Ted Stanley Hubbard
Ted Stanley Hubbard, a Montauk landscaper who was inspired by the natural world and all things Native American, died on Monday in Montauk. Mr. Hubbard, who was 49, was “a free spirit,” his family said, who had traveled across the United States and into Mexico. He settled for a time near Gardner, Colo., where he volunteered at a wolf sanctuary, picked sage, lived in a yurt, and embraced a simple life.
A talented woodworker, Mr. Hubbard made his own tools, including bows and arrows, and dabbled in making chairs, even weaving their seats from natural fibers. Eventually, he began fashioning spoons from fallen trees, “using the wood’s natural shape and imperfections to create the essence of the spoon,” his family said, and selling them at craft shows.
As a young man, Mr.
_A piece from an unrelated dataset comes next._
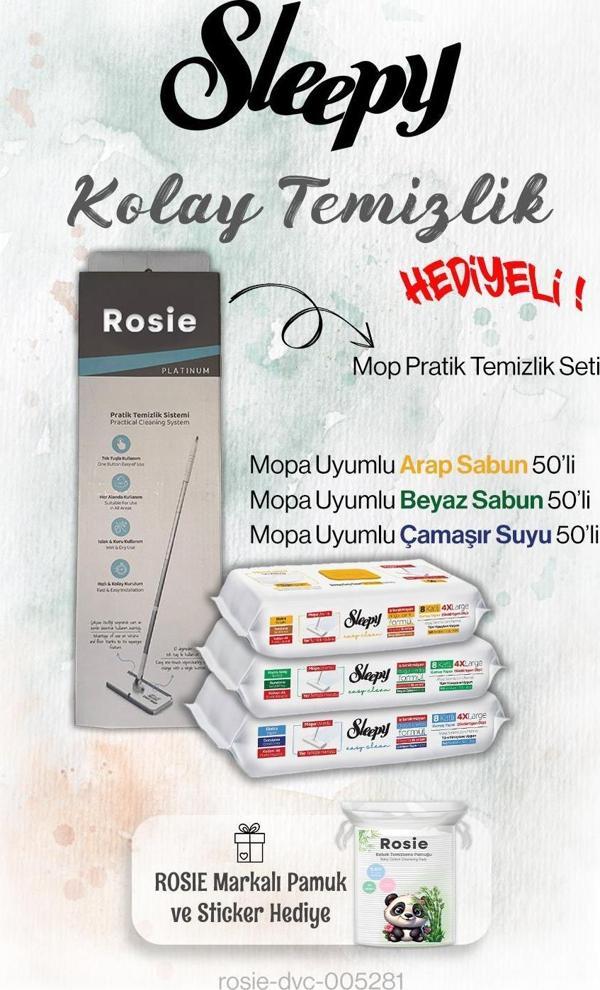 Sleepy 3'lü Mis Gibi Temizlik Serisi 50'li Mopa uyumlu ve Mop Seti, Rosie Hediyeli - Image 1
Hubbard learned wilderness skills at the Tom Brown Jr. Tracking School in New Jersey. He could tan hides, make buckskin clothing, start a fire from sticks, and do just about anything, his family said. Eventually he found work volunteering on an organic farm, and later moved to New Hampshire where, with a girlfriend, he established an organic farm of his own.
He was born on Nov. 23, 1967, a son of Theodore Frank Hubbard and the former Margot Fueldner, and grew up in Bay Shore. He attended Sterling College, a small Vermont school that focuses on environmental studies.
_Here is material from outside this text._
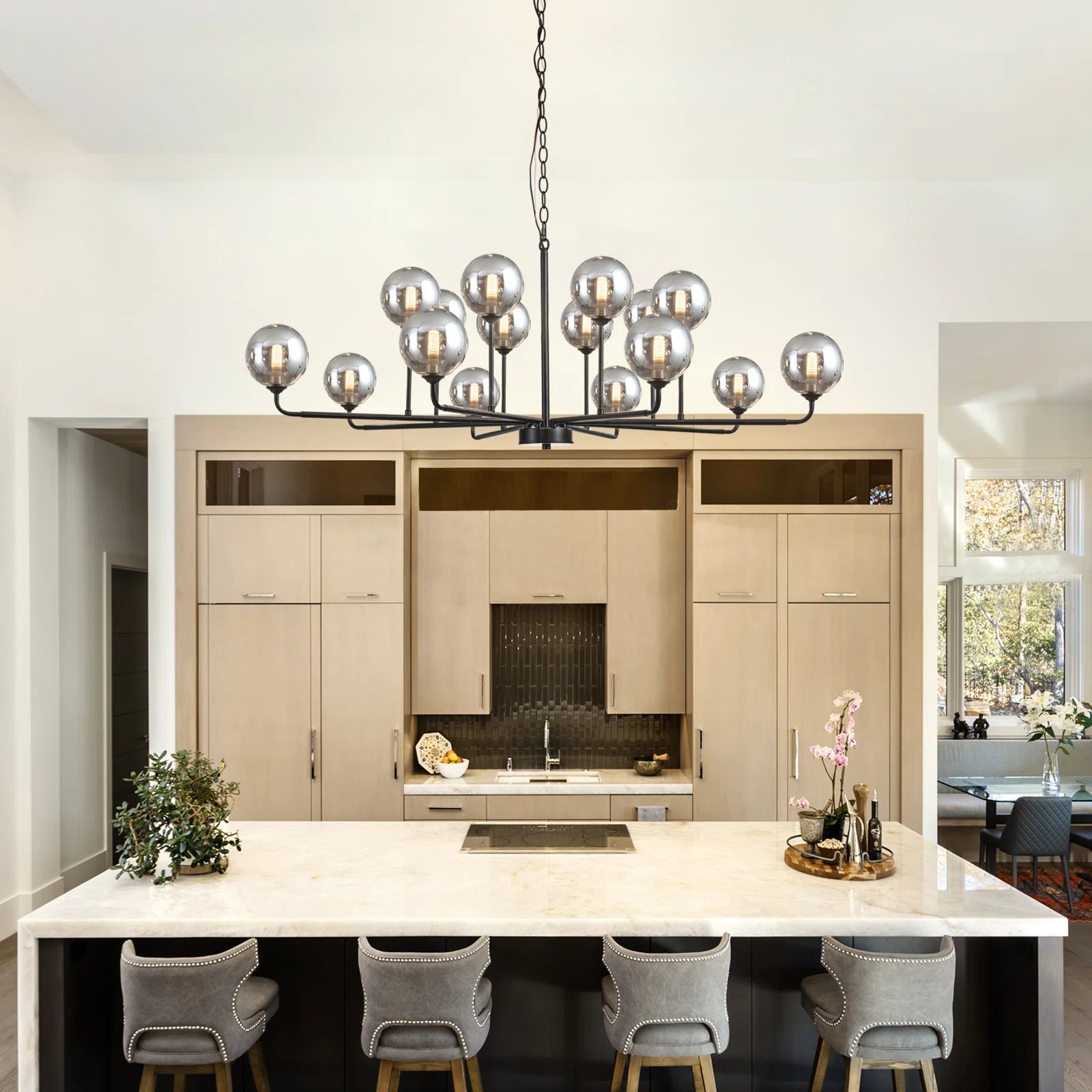 Celta Smoked Glass Sputnik Chandelier  Seus Lighting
The family recalled that as a young boy, in a car with his family passing the Montauk movie theater, Mr. Hubbard had said he saw “an Indian on the hill.” Though no one believed it, the family said an article that appeared in The Star later recounted that others had also reported seeing a Native American there. Mr. Hubbard, who took his own life, was “a pioneer and a free thinker,” the family said. Jeff Monte, a friend, said Mr. Hubbard “was born in the wrong century; about a hundred years too late.”
Mr. Hubbard is survived by his parents, who live in Miller Place, by a brother, Daniel Hubbard of Pennsylvania, and by two sisters, Lori Hubbard and Amy Hubbard of Montauk.
A service had not yet been arranged by press time.